Additionally, the nature of the fuel is that it has a natural tendency towards fissioning on it's own - it doesn't need any active, outside forces, it simply needs enough fuel, in the right physical configuration, with moderator (like water) between it, then it will just spontaneously start fissioning (I believe to "start" a reactor they just withdraw the control rods, and the process will self-start?). Finally, the fuel has radioactive fission products which will continue to be significantly radioactive for several years, followed by weakly radioactive for centuries (a so called "long tail", e.g. asymptotically approaching zero).

Now, a fusion reactor, on the other, will generally be 'fed' fuel on a just-in-time basis, much like an internal combustion engine, which 'sips' gas or diesel as it operates. So, the amount of fuel in the reactor at any time is tiny. Fusion fuel doesn't even want to fusion - to achieve the fusion, you have to actively apply external forces to the nuclei to bring them together so violently that they have a good chance of fusioning.

The general approach to do this is by super heating the fuel into a plasma, either using a magnetic field (e.g. tokamak), or by using magnetic fields to trap a lot of electrons into a virtual (cathode? or is it Anode? Never can keep them straight), that is, a small, highly negatively charged electric field in space, then inject the fuel nucleii into the reactor (polywell), such that the strong negative field powefully attracts the nucleii towards the center of the node, super-heating the nucleii into a hot plasma, where the fusion can, hopefully, happen.

Questions: Are any of the fusion products of the proposed fuel mixes, radioactive. If they are radioactive, are they strong emitters, or weak emitters (e.g. Tritium is a weak emitter). What kind of half-lives do they have? I believe that, essentially, even if a fusion reactor exploded, there'd be very close to zero radiation released into the environment, in every possible case, because the amount of radioactive materials would be very small?

I believe I read somewhere that neutrons from the fusion reaction could be absorbed by some other materials, and make those other materials radioactive, but I think such 'activated' materials would be a fairly weak source of radioactivity?

If a disaster hits a polywell reactor, as an example, what would likely be the consequences?
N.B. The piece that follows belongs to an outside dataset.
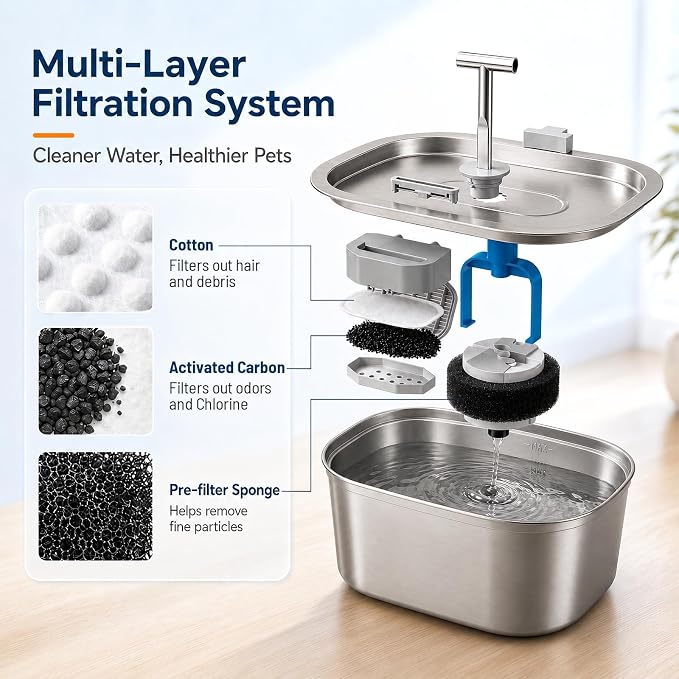 40 Pack Cat Water Fountain Filters-Cat Fountain Replacement Filters for Stainless Steel 3.2L/108oz Adjustable Water Flow Cat Fountain(20 Pack Pet Water Filter Refills+20 Pack Sponges)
I believe that because fusion requires an active, external force to be applied, you can instantly (e.g. within microseconds or milliseconds) shut off the magnetic fields and the plasma will immediately dissipate? My understanding is, the plasma, during operation, is millions of degrees - does that pose any risk? My understanding is that there is such a tiny amount of plasma in the reactor at a time, that as it begins to interact with nearby matter (any air which might be in the reactor, reactor walls, etc), it will extremely quickly (within seconds) cool down to 'ambient' temperature, perhaps leaving the reactor at a temperature of a couple hundred degrees or less (because the mass of the reactor is hundreds of thousands or millions of times greater than the mass of the plasma)?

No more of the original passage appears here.